*** Begin section ***

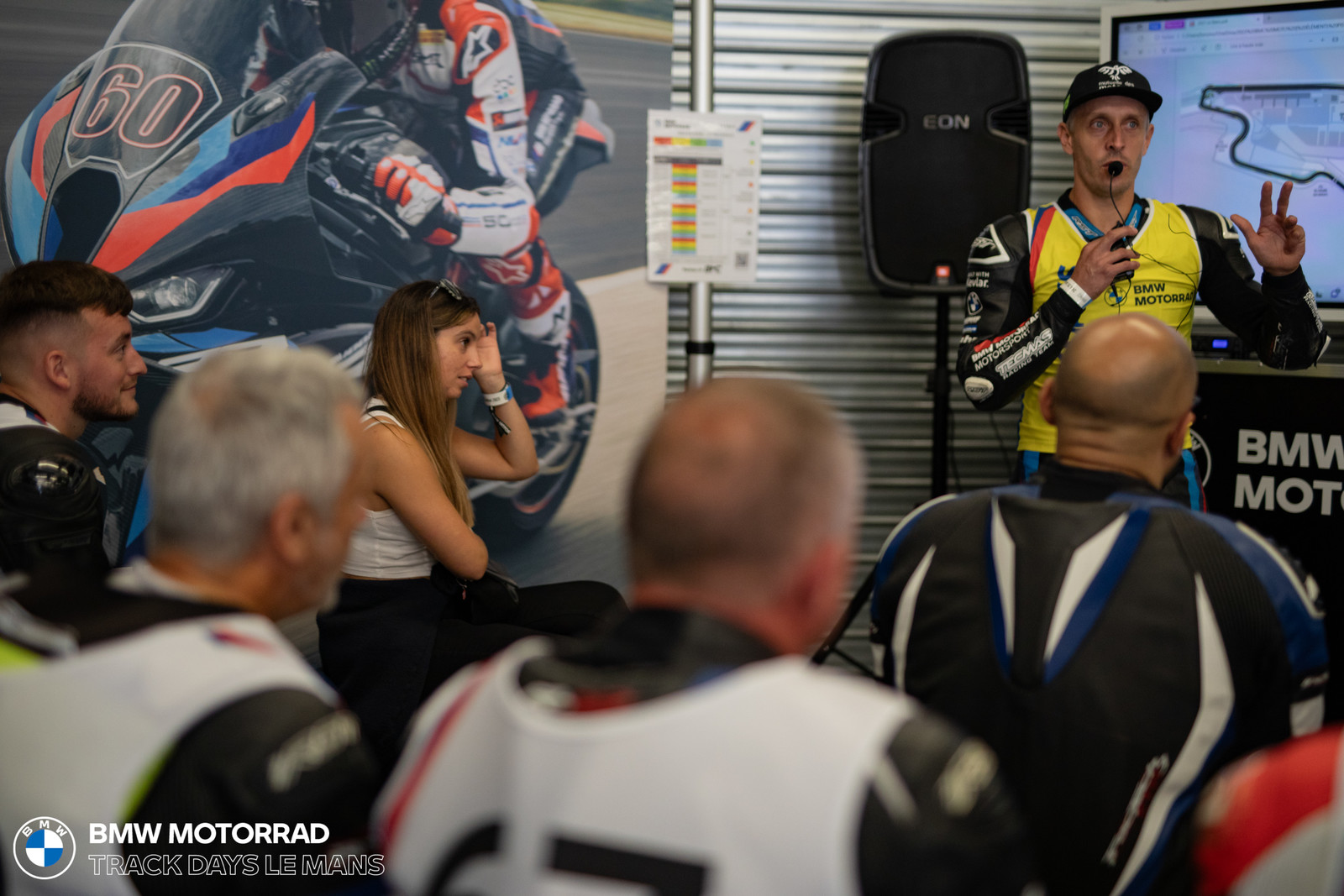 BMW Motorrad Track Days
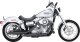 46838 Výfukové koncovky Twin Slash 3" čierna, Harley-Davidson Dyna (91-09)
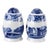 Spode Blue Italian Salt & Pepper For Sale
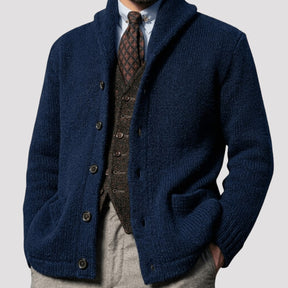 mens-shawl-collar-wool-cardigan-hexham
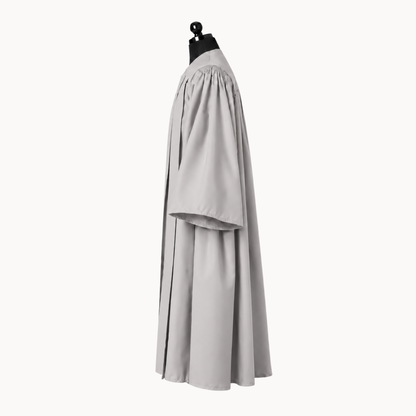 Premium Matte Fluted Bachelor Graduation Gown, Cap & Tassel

*** End section ***
*** Begin section ***

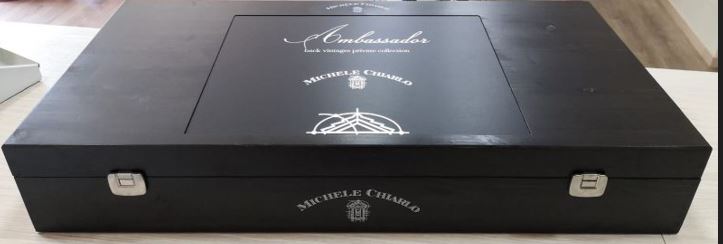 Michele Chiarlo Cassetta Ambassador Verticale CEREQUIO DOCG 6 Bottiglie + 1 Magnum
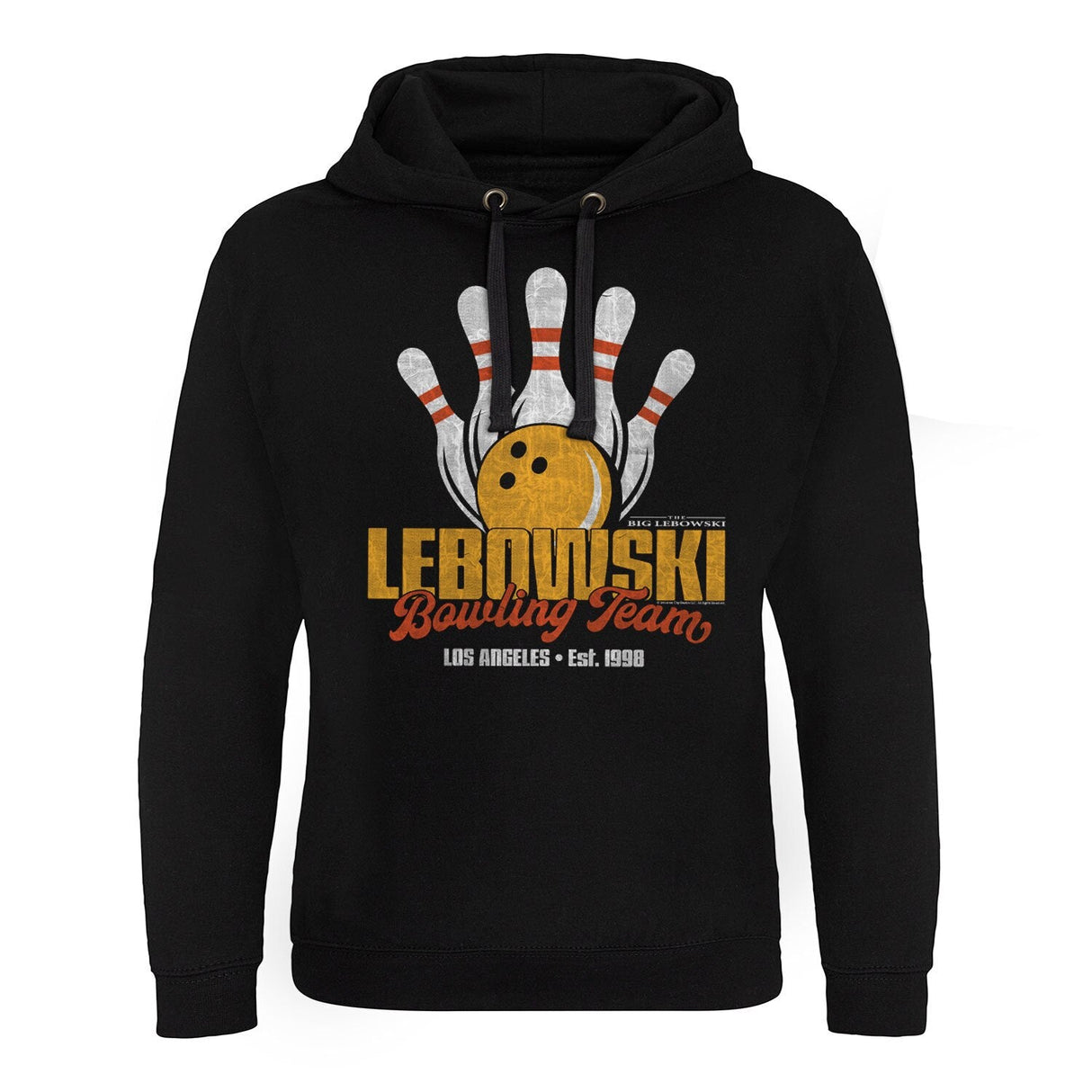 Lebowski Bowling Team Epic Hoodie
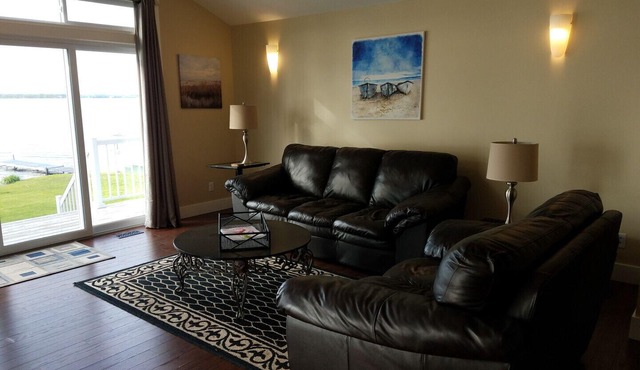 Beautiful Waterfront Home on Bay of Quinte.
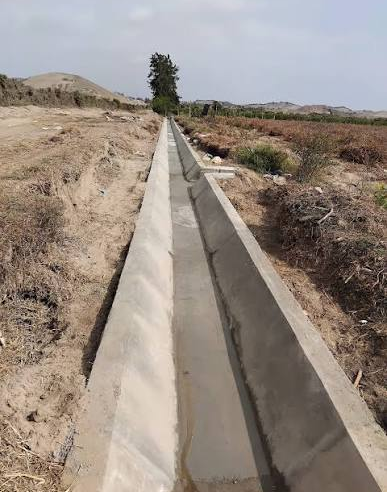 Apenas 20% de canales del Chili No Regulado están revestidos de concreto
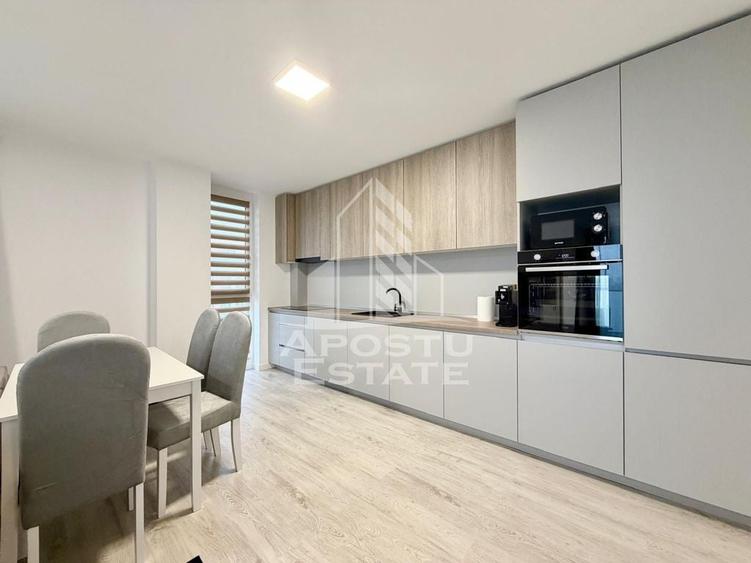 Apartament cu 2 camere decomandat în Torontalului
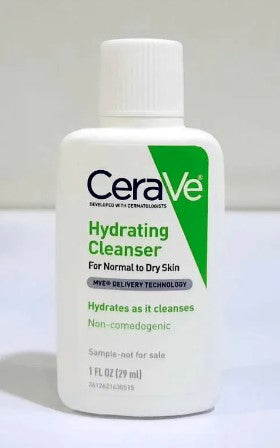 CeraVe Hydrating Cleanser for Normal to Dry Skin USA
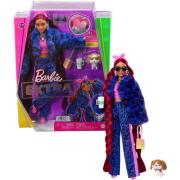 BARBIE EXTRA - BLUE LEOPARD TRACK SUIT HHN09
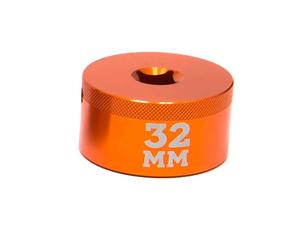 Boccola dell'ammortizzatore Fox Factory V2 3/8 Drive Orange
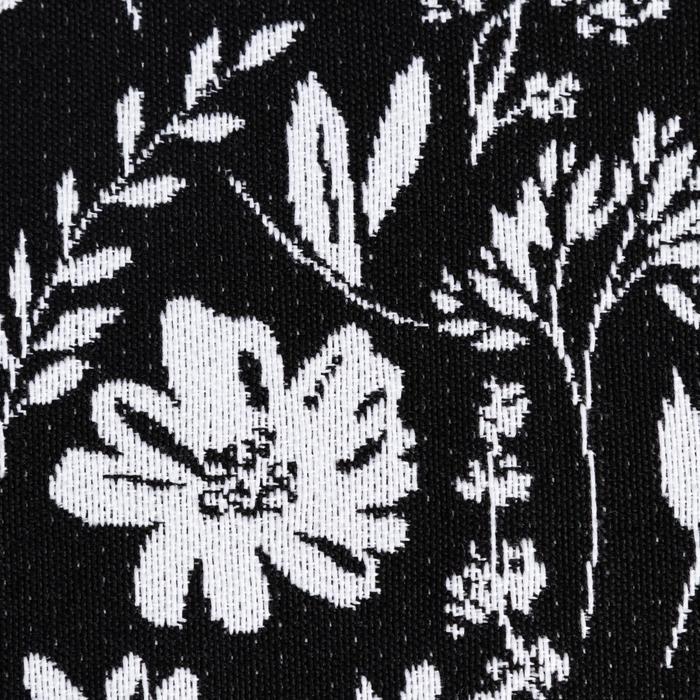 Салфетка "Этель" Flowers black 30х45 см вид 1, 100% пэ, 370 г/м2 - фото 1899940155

*** End section ***

Copy word for word the span of the records above that begins at the line with "BMW Motorrad Track Days" and ends at the line with "Premium Matte Fluted", including those two lines but not the pictures.

◆ SOLUTION:
 BMW Motorrad Track Days
 46838 Výfukové koncovky Twin Slash 3" čierna, Harley-Davidson Dyna (91-09)
 Spode Blue Italian Salt & Pepper For Sale
 mens-shawl-collar-wool-cardigan-hexham
 Premium Matte Fluted Bachelor Graduation Gown, Cap & Tassel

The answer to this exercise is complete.